Produce word for word the lines of the data below running from the one that has "51718 33rd St, Paw Paw, MI 49079" to the one that has "Maxi Play Interactive", inclusive, and no others.

Given entries:
=== Section Start ===

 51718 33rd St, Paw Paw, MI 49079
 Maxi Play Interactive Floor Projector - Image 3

=== Section End ===
=== Section Start ===

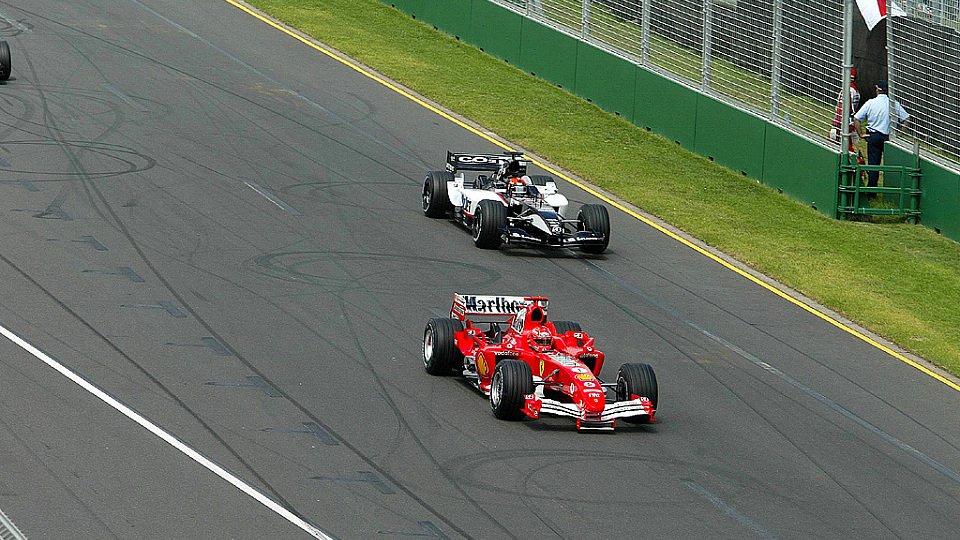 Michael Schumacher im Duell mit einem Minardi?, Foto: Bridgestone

=== Section End ===
=== Section Start ===

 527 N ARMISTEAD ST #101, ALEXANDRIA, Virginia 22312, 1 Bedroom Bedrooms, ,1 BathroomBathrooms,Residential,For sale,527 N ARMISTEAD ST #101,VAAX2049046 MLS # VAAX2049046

=== Section End ===

Task result:
 51718 33rd St, Paw Paw, MI 49079
 Maxi Play Interactive Floor Projector - Image 3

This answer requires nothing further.